Work required | Reproduce, from the lines below, exactly the stretch that begins at the line containing "a white toilet" and ends at the line containing "een groot wit", both included.

Items listed in a dataset:

• • • • •

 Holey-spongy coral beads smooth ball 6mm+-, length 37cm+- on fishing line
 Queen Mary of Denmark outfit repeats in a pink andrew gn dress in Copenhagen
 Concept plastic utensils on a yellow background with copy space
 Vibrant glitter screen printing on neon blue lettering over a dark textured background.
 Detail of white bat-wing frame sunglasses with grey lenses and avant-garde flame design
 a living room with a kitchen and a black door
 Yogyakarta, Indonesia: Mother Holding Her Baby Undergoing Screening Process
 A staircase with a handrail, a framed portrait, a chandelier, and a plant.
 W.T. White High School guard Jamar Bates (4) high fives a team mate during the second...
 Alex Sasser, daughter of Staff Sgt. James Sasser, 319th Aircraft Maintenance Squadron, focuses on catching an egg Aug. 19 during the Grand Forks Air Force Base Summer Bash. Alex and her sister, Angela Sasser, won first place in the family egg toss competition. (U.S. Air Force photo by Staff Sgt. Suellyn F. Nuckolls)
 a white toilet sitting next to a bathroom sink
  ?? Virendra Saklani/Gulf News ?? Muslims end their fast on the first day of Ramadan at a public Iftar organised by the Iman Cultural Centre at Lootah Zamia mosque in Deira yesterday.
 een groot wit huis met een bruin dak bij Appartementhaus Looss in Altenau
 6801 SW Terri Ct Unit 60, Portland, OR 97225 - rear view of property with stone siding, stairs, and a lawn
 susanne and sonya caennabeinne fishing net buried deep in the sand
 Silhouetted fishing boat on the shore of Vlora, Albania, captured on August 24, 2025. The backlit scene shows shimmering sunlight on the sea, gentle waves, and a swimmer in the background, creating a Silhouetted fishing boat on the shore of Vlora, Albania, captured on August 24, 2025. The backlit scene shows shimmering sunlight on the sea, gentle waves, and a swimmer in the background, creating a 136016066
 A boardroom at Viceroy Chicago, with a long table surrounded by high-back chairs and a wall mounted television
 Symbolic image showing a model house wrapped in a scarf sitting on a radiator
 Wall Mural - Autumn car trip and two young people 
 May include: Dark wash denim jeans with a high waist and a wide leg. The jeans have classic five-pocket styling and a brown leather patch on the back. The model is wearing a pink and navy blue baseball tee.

• • • • •

Result below |
 a white toilet sitting next to a bathroom sink
  ?? Virendra Saklani/Gulf News ?? Muslims end their fast on the first day of Ramadan at a public Iftar organised by the Iman Cultural Centre at Lootah Zamia mosque in Deira yesterday.
 een groot wit huis met een bruin dak bij Appartementhaus Looss in Altenau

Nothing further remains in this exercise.